We emphasize, however, that a trial court’s discretion in imposing sentence is in no way limited by the terms of any negotiated pleas or sentences offered the defendant by the prosecution. The imposition of sentence within the legislatively prescribed limits is exclusively a judicial function. (People v. Navarro (1972) 7 Cal.3d 248, 258 [102 Cal.Rptr. 137, 497 P.2d 481].) When granting probation, as in the instant case, courts have broad discretion to impose conditions directed toward rehabilitation of the offender and safety of the public. (In re Bushman (1970) 1 Cal.3d 767, 776 [83 Cal.Rptr. 375, 463 P.2d 727].) Legitimate facts may come to the court’s attention either through the personal observations of the judge during trial (see, e.g., United States v.

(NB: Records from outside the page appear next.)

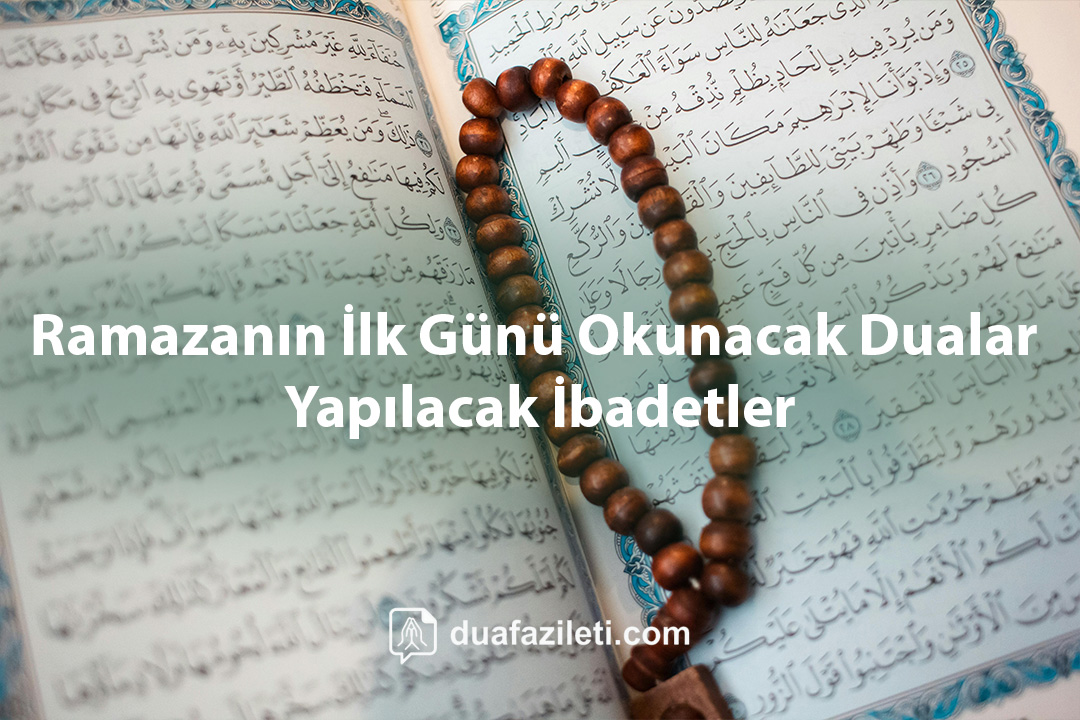 Ramazanın İlk Günü Okunacak Dualar ve Yapılacak İbadetler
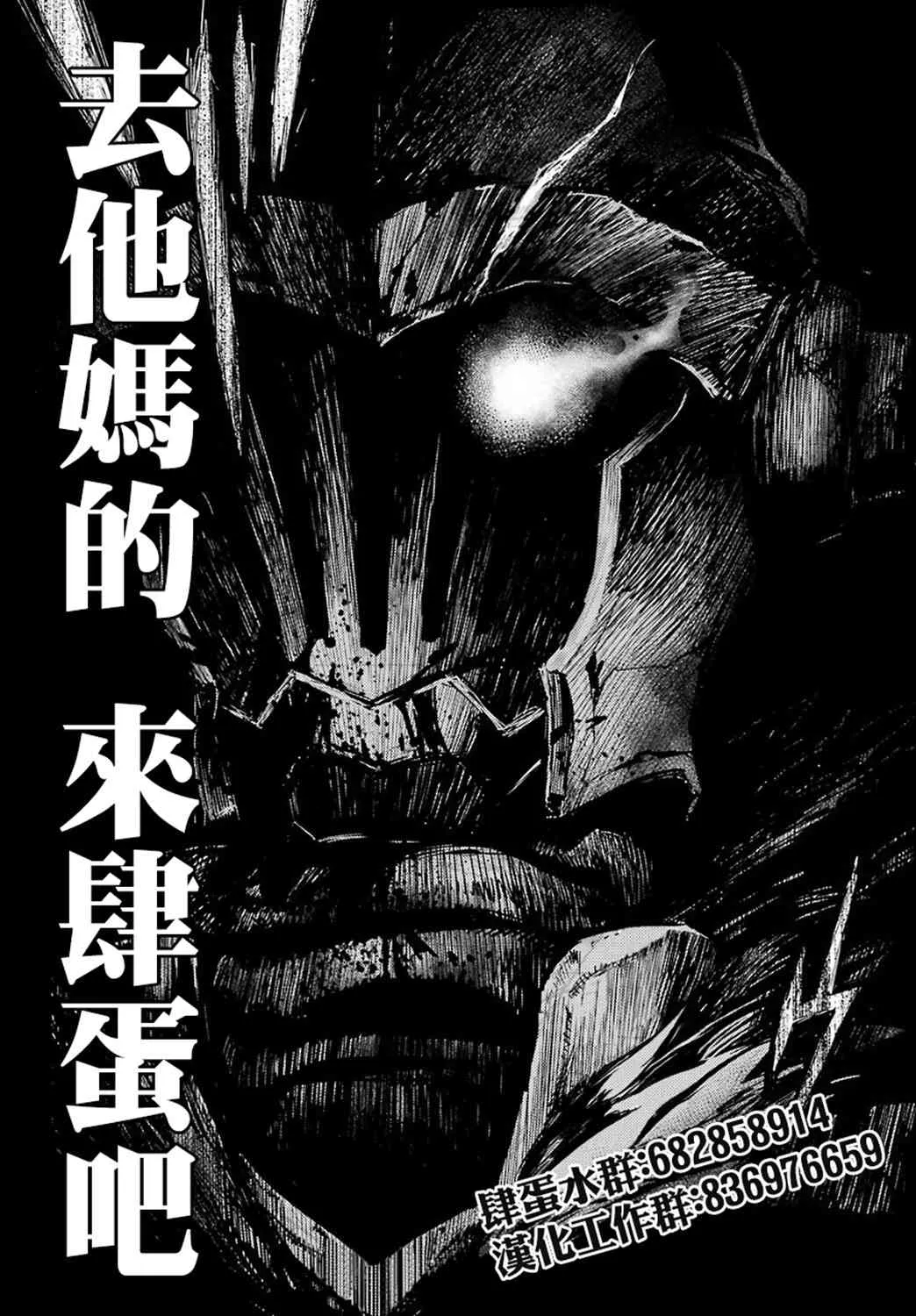 12话 第28页
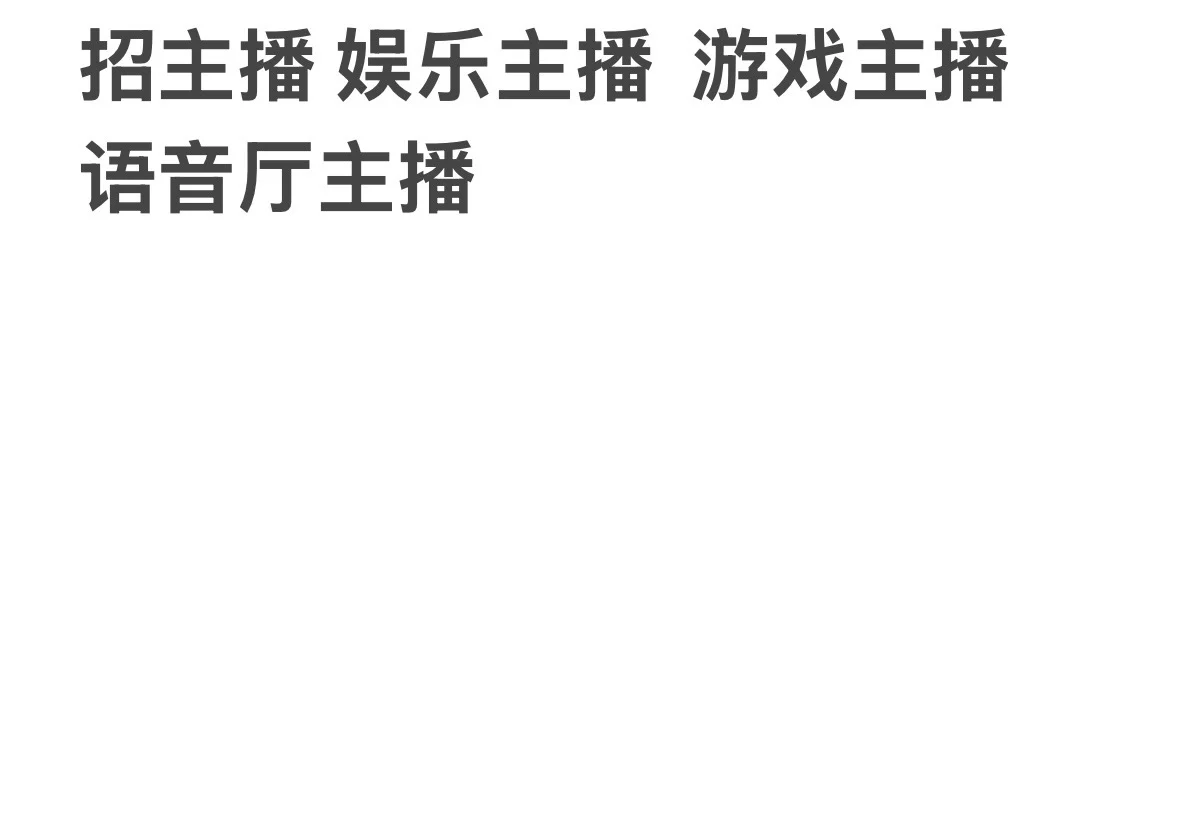 直播招主播啦～～～～～～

Grayson (1978) 438 U.S. 41 [57 L.Ed.2d 582, 98 S.Ct. 2610]), or through the presentence report by the probation department, to induce the court to impose a sentence in excess of any recommended by the prosecution.3
Thus it is clear that under appropriate circumstances a defendant may receive a more severe sentence following trial than he would have received had he pleaded guilty; the trial itself may reveal more adverse information about him than was previously known. A court may not, however, impose a sentence that conflicts with a defendant’s exercise of his constitutional right to a jury trial. (See In re Manino (1971) 14 Cal.App.3d 953, 967 [92 Cal.Rptr. 880, 45 A.L.R.3d 996].) The comments of the judge reveal that is what occurred here.
*282The writ is granted, the judgment is vacated, and petitioner is remanded to the Municipal Court of the City and County of San Francisco for resentencing in accordance with the views expressed herein.4
Bird, C. J., Tobriner, J., Richardson, J., Manuel, J., and Newman, J., concurred.
Because of our disposition, we find it unnecessary to reach petitioner’s other contentions, i.e., that his sentence was based upon information to which he had no opportunity to respond, and that the sentence imposed violates the constitutional prohibition against cruel and unusual punishment.
We emphasize our disapproval of the practice of setting out in a return to an order to show cause mere general denials of a habeas corpus petition’s allegations. Because the issuance of an order to show cause reflects the issuing court’s determination that the petition states facts which, if true, entitle the petitioner to relief (Pen. Code, § 1476; In re Hochberg (1970) 2 Cal.3d 870, 873, fn. 2 [87 Cal.Rptr. 681, 471 P.2d 1]), the respondent should recite the facts upon which the denial of petitioner’s allegations is based, and, where appropriate, should provide such documentary evidence, affidavits, or other materials as will enable the court to determine which issues are truly disputed.
The record in the instant case illustrates how the presentence report may include additional information relevant to sentencing. According to the report, when petitioner was arrested he had hand-rolled cigarettes and double-crossed white pills in his possession. Petitioner did not object to consideration of this information at sentencing; therefore, the trial court justifiably included participation in a drug rehabilitation program as a condition of his probation. (See People v. Escobar (1953) 122 Cal.App.2d 15, 20 [264 P.2d 571].)
However, the sentencing judge may not consider the gun charge of which defendant was acquitted. This was made clear in People v. Lent (1975) 15 Cal.3d 481 [124 Cal.Rptr. 905, 541 P.2d 545],
Petitioner asks for, and should receive upon resentencing, credit for time served.